Sementara, wanita dengan tampilan bertelanjang dada di depan umum tidak akan ditindak alias diperbolehkan.
Dewan Negara Prancis, pengadilan administratif tertinggi di negara itu, menganggap bahwa jika mengizinkan burkini atau sejenis pakaian renang wanita Muslim, maka akan melanggar tata pemerintahan sekuler dan undang-undang yang menentang pengaruh agama. {Republika, 24 Juni 2022]
Jurnalis dan Travel Writer Uttiek M. Panji Astuti menulis, Burkini yang dipermasalahkan itu adalah pakaian renang model tertutup dari ujung kepala sampai kaki dengan penutup kepala yang biasa dikenakan Muslimah.
“Sesuatu yang sangat umum dijumpai di kolam renang atau pantai di Indonesia, Malaysia dan negara Muslim lainnya. Namun selalu dipermasalahkan di negara Barat, utamanya Prancis,” tulisnya pada (24/6).
Burkini diciptakan oleh desainer Australia keturunan Lebanon bernama Aheeda Zanetti.
“Ini tentang integrasi dan penerimaan serta bagaimana menjadi sama tanpa dihakimi. Sulit bagi kami saat itu, komunitas Muslim. Mereka memiliki rasa takut melangkah keluar, termasuk ke kolam renang umum dan sebagainya,” jelas Zanetti dalam wawancaranya dengan The Guardian.
Menariknya, pelanggan burkini yang diproduksinya sebanyak 60%-nya adalah non Muslim.
“Burkini tidak hanya dikenakan Muslim, namun juga mereka yang menjunjung nilai kesopanan dan tidak ingin memakai bikini karena alasan kesehatan,” lanjutnya.

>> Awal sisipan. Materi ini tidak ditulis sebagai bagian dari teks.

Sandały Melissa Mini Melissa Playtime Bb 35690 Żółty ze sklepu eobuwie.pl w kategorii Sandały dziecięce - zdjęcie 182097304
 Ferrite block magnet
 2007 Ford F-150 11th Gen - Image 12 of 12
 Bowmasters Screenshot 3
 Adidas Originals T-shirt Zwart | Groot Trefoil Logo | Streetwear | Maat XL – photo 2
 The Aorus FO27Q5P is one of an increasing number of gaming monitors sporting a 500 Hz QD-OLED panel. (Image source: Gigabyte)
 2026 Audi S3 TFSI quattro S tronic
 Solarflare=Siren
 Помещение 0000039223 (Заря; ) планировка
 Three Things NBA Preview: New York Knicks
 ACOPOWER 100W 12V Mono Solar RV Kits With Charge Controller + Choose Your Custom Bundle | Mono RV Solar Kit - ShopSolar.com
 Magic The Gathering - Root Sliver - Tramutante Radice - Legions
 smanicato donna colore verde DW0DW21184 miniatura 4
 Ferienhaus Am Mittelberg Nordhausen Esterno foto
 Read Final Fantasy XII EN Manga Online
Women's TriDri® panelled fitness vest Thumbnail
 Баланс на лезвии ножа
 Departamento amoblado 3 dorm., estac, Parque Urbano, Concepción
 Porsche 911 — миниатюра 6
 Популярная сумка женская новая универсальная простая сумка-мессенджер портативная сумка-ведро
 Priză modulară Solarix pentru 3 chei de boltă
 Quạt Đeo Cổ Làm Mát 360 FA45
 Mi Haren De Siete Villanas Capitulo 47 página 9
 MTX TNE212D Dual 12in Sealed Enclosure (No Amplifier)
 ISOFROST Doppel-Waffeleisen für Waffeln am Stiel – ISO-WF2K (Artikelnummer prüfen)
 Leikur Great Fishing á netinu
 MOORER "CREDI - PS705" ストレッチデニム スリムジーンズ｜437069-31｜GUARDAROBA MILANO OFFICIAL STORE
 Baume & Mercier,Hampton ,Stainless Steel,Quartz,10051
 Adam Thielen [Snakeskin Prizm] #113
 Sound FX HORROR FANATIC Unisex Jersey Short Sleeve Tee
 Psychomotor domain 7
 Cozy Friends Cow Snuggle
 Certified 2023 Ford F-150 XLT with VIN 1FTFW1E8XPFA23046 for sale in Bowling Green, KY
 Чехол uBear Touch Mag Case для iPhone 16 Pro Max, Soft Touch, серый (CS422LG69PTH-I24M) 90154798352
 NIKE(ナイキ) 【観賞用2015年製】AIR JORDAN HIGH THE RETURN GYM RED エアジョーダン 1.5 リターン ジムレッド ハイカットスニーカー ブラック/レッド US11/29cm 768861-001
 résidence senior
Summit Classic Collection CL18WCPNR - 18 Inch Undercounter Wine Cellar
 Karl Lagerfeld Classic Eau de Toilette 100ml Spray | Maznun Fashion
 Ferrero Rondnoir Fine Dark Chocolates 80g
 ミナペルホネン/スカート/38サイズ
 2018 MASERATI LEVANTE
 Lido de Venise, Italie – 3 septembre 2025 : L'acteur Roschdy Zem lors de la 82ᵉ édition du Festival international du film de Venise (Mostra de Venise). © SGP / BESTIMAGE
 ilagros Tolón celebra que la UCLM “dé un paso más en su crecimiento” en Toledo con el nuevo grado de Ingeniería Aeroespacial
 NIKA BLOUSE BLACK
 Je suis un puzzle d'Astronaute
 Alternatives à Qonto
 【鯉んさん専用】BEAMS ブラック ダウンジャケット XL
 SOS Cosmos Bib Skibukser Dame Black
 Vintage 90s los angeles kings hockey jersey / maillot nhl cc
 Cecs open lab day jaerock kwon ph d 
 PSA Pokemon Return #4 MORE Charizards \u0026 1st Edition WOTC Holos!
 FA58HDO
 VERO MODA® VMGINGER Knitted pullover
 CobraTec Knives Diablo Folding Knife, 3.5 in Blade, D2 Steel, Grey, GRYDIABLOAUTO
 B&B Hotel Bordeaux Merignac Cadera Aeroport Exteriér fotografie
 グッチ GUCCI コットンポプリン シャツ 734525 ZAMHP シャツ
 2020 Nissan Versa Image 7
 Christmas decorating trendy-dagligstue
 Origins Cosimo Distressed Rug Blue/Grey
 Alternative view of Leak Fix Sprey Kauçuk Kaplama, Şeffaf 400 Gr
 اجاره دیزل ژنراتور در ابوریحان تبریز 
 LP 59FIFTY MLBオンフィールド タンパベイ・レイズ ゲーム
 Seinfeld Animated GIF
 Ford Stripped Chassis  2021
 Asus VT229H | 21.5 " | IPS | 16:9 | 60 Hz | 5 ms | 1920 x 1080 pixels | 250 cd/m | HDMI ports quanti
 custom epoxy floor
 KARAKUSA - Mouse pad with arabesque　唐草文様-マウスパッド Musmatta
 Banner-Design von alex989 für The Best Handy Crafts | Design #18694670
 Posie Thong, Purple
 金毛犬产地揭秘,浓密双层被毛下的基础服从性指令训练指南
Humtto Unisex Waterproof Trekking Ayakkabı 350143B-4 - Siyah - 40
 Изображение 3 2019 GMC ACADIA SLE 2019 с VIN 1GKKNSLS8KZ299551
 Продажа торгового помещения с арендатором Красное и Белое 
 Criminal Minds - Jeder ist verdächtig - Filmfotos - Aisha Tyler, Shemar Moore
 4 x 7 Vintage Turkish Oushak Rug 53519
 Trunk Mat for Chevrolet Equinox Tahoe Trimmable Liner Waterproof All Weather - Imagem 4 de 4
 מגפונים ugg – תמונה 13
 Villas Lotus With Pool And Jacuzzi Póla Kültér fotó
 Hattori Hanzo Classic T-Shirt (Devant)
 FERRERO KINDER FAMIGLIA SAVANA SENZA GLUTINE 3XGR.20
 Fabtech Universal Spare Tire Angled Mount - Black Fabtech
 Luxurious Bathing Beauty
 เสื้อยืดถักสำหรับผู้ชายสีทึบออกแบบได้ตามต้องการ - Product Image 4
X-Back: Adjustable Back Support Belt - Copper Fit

Menariknya, saat UU pelarangan burkini disahkan di Prancis, belum lama berselang Amerika membatalkan UU ketelanjangan yang melarang wanita bertelanjang dada di pantai.
Sebuah proposal Nantucket, Massachusetts berjudul “Gender Equality on Beaches” memungkinkan siapa pun untuk bertelanjang dada di pantai, telah disahkan bulan lalu pada pertemuan kota tahunan.
Amandemen itu berbunyi: “Untuk mempromosikan kesetaraan bagi semua orang, setiap orang diperbolehkan bertelanjang dada di pantai umum atau pribadi di kota”.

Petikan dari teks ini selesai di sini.